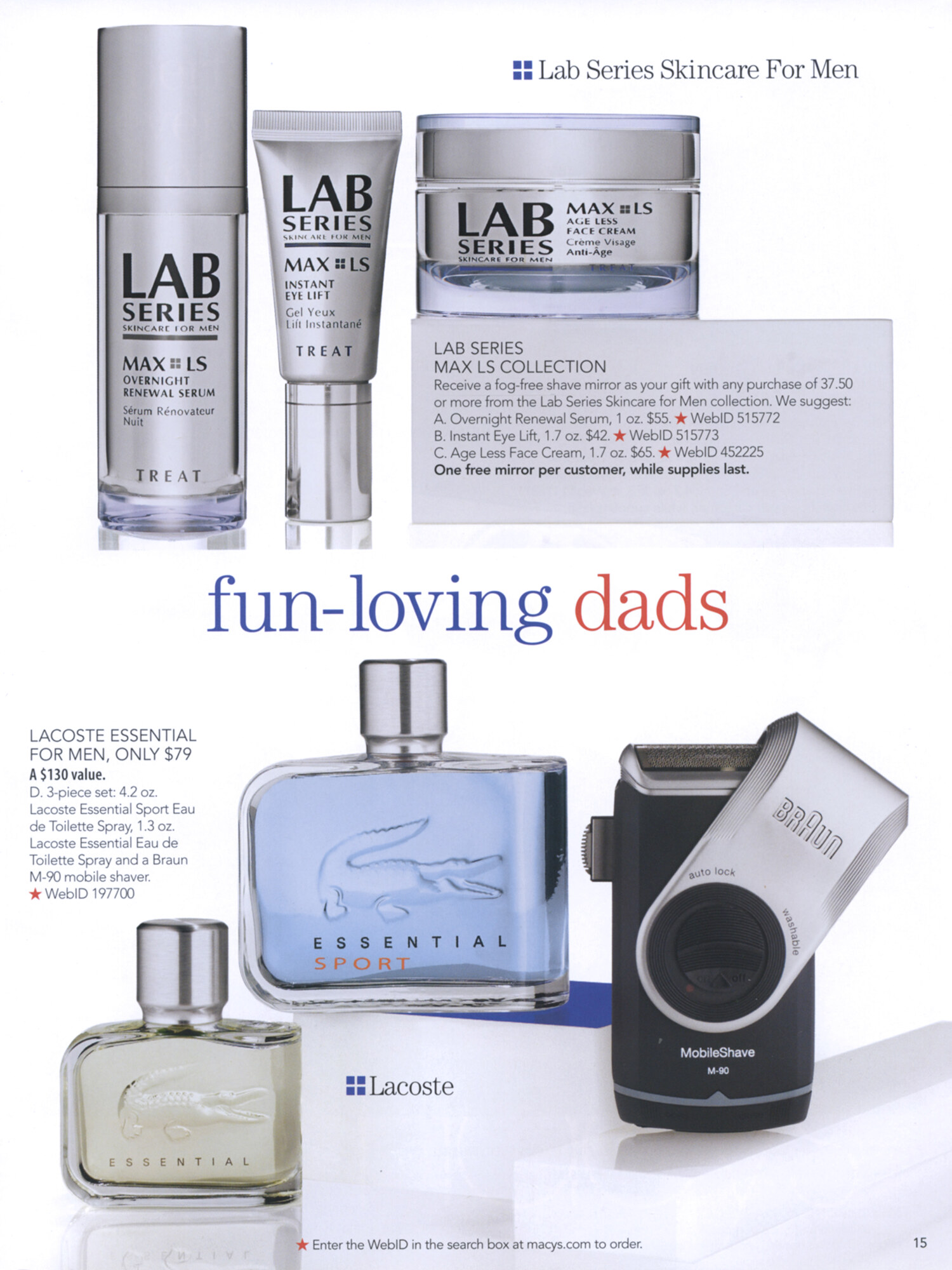 Father's Day grooming tear sheet featuring Lab Series Skincare for Men, Lacoste Essential Sport fragrance, and Braun grooming, Macy's print campaign. Brand campaign photography by Jason Guffy.
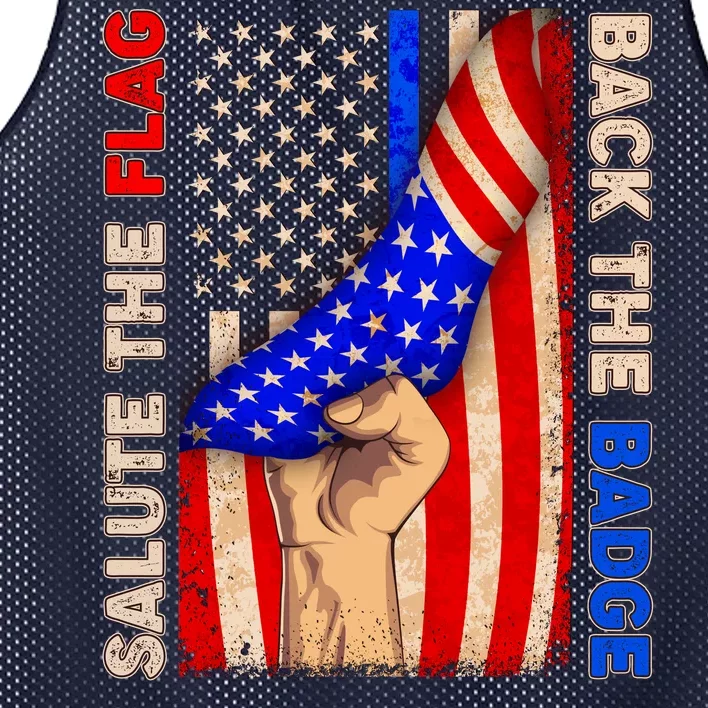 Salute The Flag Back The Badge American Thin Blue Line Mesh Reversible Basketball Jersey Tank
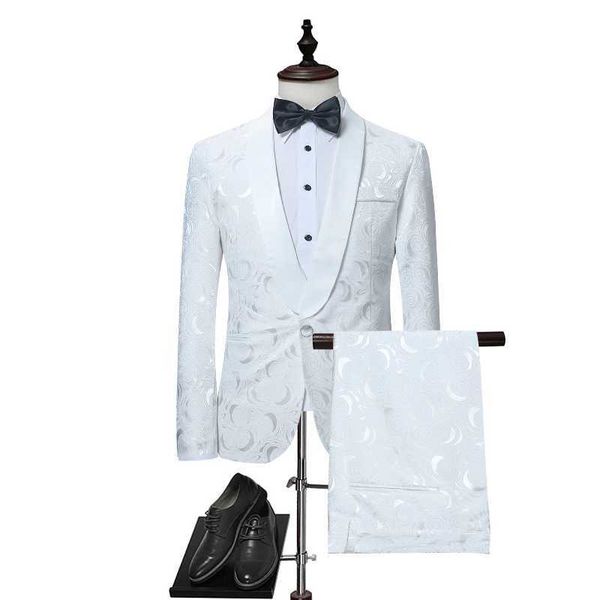 LUCLESAM Herren-Hochzeitsanzug mit Rosendruck, schmale Passform, Ein-Knopf-Zweiteiler (Blazer + Hose), Anzüge, Kostüme für Herren, X0909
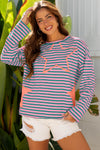 Women's Casual Green Stripe Knit Top with Starry Patch, Drop Shoulder Design, and Trendy Raw Edge Detail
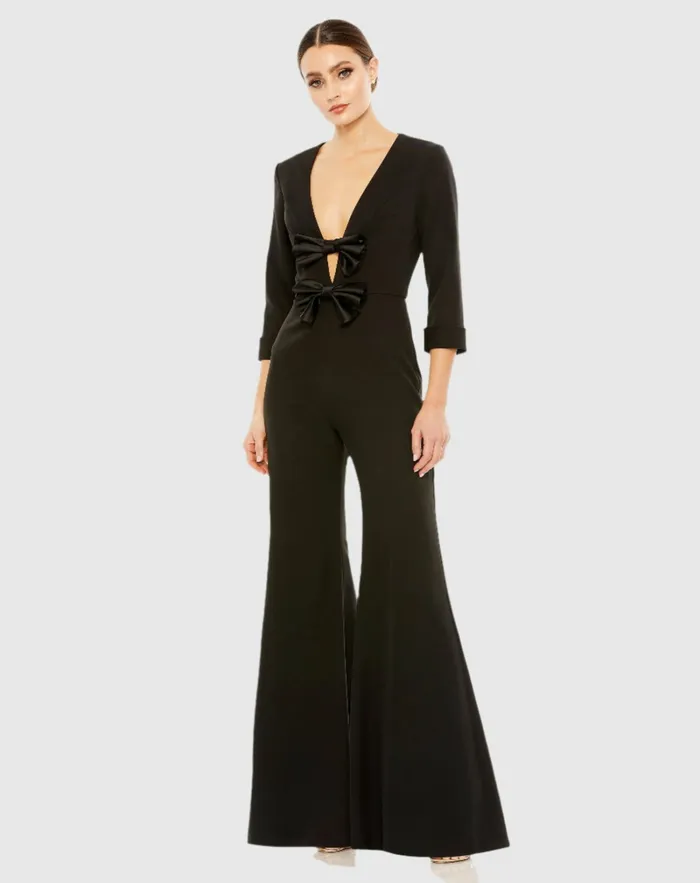 Jumpsuits and Rompers Mac Duggal Women Long Sleeve Bow Detail Wide Leg Jumpsuit Black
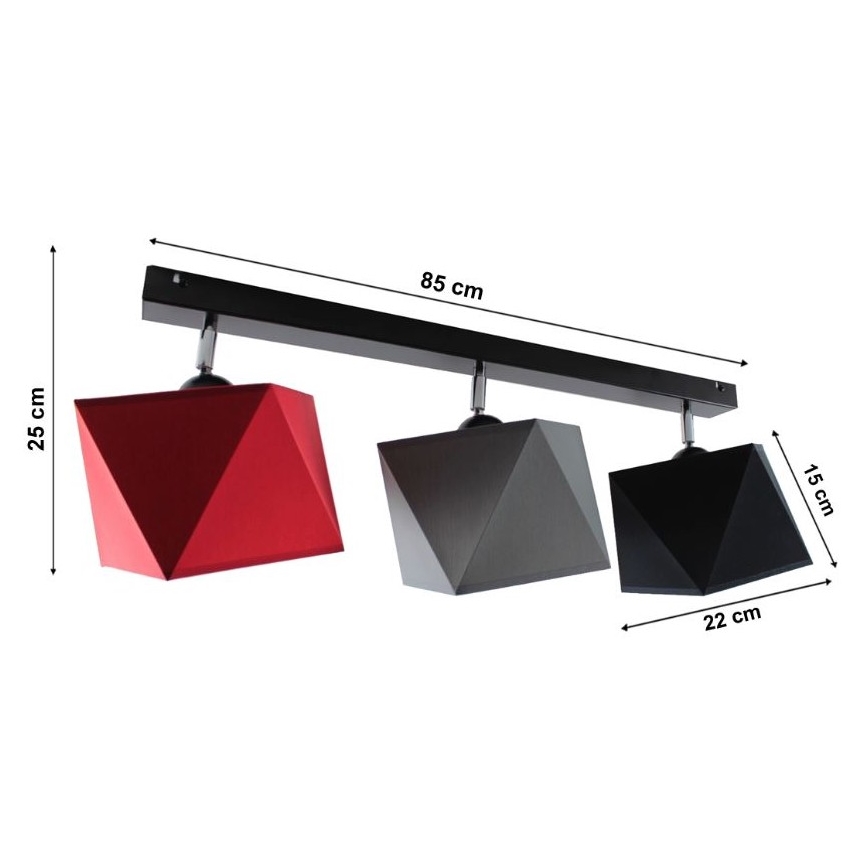 повърхностно монтиран Полилей DIAMENT 3xE27/60W/230V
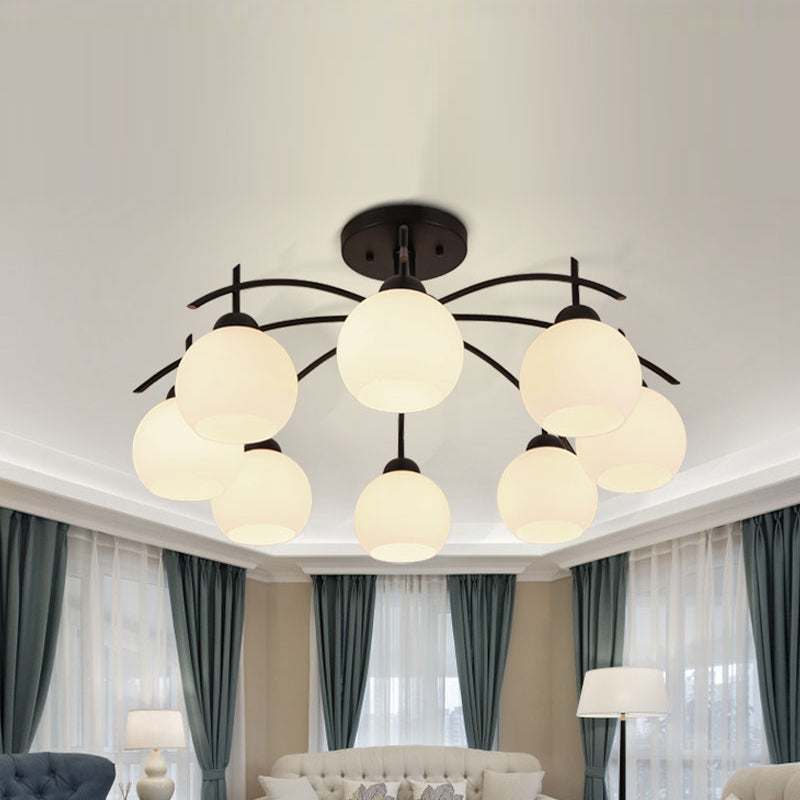 Retro Black Techo Flush Ligero de vidrio blanco Luz de semi descarga Luz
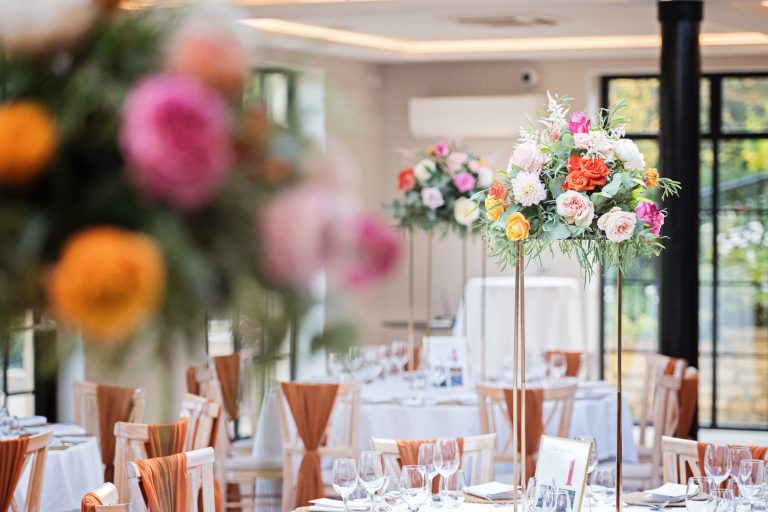 Wedding flowers for the wedding breakfast set up at The Pear Tree, Purton.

- - - -

* [REQUIRED WORK]:
Find the line that contains "LUCLESAM Herren-Hochzeitsanzug mit" and repeat it, along with every line after it to the end of the data, exactly; drop the pictures.

* [WRITTEN SOLUTION]:
 LUCLESAM Herren-Hochzeitsanzug mit Rosendruck, schmale Passform, Ein-Knopf-Zweiteiler (Blazer + Hose), Anzüge, Kostüme für Herren, X0909
 Women's Casual Green Stripe Knit Top with Starry Patch, Drop Shoulder Design, and Trendy Raw Edge Detail
 Jumpsuits and Rompers Mac Duggal Women Long Sleeve Bow Detail Wide Leg Jumpsuit Black
 повърхностно монтиран Полилей DIAMENT 3xE27/60W/230V
 Retro Black Techo Flush Ligero de vidrio blanco Luz de semi descarga Luz
 Wedding flowers for the wedding breakfast set up at The Pear Tree, Purton.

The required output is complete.